__PROBLEM STATEMENT__.
This exercise calls for the line with "To finalize this", the line with "You can adjust an", and all lines between them in the material below, output exactly and with no other lines.

──────────

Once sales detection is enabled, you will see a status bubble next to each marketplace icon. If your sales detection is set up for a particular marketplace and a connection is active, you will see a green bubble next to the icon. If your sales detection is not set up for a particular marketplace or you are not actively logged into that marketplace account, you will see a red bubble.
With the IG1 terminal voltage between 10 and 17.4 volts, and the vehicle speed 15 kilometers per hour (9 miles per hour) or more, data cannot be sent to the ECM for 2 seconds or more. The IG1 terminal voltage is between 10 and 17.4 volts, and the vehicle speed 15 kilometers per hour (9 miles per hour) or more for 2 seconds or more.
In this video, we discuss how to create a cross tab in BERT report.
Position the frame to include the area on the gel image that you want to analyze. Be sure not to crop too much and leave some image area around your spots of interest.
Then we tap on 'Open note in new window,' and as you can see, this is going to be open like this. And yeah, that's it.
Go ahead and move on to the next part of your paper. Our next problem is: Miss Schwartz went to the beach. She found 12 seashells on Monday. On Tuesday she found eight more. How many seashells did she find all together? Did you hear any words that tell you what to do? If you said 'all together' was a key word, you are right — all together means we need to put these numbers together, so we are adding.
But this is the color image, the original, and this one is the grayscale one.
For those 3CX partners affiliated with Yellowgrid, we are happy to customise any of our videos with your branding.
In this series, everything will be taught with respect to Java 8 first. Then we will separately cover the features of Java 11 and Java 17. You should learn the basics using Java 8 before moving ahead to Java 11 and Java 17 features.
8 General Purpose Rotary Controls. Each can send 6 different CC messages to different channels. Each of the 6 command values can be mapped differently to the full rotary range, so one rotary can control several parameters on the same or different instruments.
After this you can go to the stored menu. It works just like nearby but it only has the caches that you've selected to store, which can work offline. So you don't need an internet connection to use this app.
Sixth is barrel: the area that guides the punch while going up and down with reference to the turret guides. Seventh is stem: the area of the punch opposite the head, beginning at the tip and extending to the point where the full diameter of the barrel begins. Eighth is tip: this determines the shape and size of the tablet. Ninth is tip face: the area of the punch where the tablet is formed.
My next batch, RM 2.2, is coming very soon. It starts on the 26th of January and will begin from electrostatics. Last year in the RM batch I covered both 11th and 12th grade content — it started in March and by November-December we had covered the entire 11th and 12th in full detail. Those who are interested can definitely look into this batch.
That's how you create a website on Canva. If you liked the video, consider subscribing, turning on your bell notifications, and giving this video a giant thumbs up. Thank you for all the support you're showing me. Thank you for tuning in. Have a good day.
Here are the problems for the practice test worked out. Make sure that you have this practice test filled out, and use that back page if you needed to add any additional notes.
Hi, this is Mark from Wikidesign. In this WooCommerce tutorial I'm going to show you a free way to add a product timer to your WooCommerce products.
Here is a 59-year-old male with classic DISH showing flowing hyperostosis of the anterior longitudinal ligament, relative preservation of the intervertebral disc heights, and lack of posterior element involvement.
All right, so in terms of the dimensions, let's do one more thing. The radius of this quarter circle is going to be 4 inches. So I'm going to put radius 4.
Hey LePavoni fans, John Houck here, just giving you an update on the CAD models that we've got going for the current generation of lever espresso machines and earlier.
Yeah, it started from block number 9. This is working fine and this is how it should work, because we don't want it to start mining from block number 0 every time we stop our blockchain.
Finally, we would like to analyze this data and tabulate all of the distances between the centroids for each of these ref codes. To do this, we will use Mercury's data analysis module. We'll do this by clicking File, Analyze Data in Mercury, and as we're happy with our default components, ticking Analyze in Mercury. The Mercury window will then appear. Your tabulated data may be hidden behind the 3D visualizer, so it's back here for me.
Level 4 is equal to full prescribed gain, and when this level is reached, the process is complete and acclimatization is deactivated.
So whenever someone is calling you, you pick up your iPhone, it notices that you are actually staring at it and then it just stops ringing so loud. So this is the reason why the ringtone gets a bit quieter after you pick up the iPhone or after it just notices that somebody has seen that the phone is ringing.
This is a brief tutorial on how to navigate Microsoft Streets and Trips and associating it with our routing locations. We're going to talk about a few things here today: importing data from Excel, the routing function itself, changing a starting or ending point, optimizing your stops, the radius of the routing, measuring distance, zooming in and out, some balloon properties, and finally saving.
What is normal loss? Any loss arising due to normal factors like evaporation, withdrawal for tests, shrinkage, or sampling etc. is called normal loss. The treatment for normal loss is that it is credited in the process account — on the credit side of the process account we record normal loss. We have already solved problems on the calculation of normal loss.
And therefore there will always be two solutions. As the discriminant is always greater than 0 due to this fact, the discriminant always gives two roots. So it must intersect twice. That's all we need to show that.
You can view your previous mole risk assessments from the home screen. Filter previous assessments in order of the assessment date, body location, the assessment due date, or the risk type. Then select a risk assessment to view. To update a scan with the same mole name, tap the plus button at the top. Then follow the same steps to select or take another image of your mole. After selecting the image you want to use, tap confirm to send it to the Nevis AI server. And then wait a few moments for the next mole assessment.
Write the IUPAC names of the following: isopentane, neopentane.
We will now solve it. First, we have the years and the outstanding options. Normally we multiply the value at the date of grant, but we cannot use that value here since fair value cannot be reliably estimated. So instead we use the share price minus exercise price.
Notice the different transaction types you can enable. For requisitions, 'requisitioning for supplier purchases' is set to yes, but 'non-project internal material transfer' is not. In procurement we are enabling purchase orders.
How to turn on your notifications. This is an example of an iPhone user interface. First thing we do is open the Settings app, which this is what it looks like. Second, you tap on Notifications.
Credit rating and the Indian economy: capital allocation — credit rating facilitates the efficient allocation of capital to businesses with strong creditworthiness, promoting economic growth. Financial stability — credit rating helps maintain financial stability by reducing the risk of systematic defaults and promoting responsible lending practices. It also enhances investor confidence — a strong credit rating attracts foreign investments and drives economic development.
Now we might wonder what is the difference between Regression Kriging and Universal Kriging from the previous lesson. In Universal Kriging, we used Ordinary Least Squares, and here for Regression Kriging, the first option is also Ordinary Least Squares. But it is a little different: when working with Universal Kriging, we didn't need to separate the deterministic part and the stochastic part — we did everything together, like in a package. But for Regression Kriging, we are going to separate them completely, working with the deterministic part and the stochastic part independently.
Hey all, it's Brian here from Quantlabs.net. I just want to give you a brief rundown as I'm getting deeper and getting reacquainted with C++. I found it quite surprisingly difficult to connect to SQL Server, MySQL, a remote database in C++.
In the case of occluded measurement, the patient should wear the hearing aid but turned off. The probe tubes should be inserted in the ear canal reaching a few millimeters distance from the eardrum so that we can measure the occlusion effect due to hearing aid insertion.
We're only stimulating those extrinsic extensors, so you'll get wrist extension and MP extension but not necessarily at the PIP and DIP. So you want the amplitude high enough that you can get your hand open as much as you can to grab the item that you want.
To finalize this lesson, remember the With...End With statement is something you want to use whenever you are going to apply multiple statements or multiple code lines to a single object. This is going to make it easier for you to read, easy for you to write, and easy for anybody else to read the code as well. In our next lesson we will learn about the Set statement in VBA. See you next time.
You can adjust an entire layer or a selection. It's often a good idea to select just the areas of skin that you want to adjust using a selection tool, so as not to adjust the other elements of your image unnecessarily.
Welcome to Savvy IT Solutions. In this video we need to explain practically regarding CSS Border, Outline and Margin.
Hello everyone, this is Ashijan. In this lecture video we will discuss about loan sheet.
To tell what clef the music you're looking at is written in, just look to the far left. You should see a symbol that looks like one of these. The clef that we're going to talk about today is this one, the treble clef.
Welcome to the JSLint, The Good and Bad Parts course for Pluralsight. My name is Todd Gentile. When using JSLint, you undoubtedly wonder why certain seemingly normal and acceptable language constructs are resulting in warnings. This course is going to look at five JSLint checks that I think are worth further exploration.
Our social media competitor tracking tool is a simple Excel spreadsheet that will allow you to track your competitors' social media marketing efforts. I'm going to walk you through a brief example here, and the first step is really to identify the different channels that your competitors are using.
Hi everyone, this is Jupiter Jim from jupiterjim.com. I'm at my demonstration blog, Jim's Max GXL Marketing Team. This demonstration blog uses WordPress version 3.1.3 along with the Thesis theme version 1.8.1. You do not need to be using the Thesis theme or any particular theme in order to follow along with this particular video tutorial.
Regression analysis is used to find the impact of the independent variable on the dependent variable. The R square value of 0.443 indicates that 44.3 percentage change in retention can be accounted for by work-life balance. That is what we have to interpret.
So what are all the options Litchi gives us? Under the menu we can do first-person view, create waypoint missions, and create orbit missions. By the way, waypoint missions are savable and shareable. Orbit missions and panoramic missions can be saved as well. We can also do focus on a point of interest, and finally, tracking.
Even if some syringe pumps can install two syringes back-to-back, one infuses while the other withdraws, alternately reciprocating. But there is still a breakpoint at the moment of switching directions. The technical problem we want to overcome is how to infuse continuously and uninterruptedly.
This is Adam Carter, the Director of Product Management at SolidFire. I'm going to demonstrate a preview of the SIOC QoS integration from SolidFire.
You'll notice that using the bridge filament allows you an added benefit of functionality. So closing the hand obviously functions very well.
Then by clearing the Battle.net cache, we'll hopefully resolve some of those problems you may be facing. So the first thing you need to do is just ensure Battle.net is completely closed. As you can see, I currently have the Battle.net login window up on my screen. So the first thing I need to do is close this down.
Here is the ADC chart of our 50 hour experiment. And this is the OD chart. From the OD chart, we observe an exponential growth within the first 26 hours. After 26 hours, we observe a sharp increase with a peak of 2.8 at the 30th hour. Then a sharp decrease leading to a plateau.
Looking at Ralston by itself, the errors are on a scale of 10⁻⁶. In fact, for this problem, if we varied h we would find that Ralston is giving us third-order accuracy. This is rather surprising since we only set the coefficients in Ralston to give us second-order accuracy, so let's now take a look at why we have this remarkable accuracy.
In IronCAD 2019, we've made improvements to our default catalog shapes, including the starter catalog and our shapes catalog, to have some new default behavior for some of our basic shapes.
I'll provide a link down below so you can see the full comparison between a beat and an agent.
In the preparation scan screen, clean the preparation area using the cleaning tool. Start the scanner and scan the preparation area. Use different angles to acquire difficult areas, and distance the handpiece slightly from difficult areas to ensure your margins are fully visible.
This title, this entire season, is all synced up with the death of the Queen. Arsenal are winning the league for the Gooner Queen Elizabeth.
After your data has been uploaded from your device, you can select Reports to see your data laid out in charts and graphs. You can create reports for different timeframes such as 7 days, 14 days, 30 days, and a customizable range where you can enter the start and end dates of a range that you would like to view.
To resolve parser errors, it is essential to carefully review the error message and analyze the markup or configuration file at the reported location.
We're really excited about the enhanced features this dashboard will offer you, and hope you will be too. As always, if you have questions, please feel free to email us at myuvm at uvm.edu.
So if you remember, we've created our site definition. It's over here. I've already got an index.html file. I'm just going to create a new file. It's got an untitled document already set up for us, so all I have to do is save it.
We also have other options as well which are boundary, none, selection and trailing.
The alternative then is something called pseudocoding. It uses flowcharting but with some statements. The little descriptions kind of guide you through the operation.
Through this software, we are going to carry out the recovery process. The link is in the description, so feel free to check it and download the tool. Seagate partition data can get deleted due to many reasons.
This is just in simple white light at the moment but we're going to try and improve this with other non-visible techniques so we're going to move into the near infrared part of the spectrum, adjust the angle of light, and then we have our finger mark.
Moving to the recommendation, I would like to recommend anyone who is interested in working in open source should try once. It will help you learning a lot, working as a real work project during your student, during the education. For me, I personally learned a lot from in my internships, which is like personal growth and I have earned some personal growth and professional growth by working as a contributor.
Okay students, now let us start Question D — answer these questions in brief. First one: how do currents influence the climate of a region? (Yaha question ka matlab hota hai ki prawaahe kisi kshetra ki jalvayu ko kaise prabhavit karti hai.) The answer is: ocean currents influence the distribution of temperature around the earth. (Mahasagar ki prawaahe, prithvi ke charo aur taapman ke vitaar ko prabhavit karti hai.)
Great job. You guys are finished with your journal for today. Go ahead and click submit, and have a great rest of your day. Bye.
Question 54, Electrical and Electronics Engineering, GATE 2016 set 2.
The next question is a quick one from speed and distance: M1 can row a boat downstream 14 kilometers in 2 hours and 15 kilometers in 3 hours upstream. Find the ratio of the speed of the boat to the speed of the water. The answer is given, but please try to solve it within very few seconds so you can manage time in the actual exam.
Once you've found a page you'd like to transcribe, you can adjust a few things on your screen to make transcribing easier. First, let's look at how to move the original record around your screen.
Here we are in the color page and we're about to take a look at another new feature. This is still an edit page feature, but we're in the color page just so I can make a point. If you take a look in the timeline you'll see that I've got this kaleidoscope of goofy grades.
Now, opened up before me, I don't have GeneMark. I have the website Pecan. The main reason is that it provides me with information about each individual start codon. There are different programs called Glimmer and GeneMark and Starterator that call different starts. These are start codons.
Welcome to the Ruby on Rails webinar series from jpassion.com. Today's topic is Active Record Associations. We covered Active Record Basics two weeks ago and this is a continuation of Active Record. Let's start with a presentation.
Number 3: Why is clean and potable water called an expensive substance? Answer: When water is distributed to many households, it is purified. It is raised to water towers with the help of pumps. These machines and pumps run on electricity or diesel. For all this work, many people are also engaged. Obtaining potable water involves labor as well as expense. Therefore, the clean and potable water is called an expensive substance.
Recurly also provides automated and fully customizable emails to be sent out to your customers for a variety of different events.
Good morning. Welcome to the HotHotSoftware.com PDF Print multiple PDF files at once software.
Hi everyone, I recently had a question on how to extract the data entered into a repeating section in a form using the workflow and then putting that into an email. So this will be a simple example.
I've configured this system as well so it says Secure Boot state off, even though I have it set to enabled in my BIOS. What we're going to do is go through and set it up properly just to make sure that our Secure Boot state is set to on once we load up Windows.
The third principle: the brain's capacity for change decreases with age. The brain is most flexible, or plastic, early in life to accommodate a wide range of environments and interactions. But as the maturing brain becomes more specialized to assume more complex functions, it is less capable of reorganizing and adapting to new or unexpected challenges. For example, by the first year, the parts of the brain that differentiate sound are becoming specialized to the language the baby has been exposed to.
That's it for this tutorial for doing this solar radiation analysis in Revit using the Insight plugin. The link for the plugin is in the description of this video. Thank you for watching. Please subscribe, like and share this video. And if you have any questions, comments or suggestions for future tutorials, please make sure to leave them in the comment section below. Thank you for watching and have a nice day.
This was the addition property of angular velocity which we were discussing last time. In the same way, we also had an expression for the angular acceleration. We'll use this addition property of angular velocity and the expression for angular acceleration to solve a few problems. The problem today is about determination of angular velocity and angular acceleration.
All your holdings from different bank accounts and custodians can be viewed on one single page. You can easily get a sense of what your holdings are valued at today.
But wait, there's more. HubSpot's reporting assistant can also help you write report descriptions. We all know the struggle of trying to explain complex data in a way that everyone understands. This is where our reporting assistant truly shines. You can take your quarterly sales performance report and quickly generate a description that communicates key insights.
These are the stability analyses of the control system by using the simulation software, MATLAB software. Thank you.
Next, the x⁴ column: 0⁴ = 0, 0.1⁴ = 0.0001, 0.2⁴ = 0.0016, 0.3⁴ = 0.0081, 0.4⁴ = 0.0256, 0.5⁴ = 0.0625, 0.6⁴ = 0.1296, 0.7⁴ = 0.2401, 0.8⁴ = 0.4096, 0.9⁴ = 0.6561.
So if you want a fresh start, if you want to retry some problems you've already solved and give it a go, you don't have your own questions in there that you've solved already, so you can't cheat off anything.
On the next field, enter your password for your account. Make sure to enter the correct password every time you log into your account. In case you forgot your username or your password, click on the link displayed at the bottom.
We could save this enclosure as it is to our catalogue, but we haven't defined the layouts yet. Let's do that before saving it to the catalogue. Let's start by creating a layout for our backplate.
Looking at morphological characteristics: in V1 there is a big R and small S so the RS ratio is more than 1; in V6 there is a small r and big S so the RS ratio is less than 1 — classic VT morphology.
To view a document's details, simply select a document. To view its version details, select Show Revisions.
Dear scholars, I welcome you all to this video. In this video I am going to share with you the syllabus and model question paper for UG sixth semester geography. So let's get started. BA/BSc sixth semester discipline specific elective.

──────────

__RESULT OF THIS EXERCISE__.
To finalize this lesson, remember the With...End With statement is something you want to use whenever you are going to apply multiple statements or multiple code lines to a single object. This is going to make it easier for you to read, easy for you to write, and easy for anybody else to read the code as well. In our next lesson we will learn about the Set statement in VBA. See you next time.
You can adjust an entire layer or a selection. It's often a good idea to select just the areas of skin that you want to adjust using a selection tool, so as not to adjust the other elements of your image unnecessarily.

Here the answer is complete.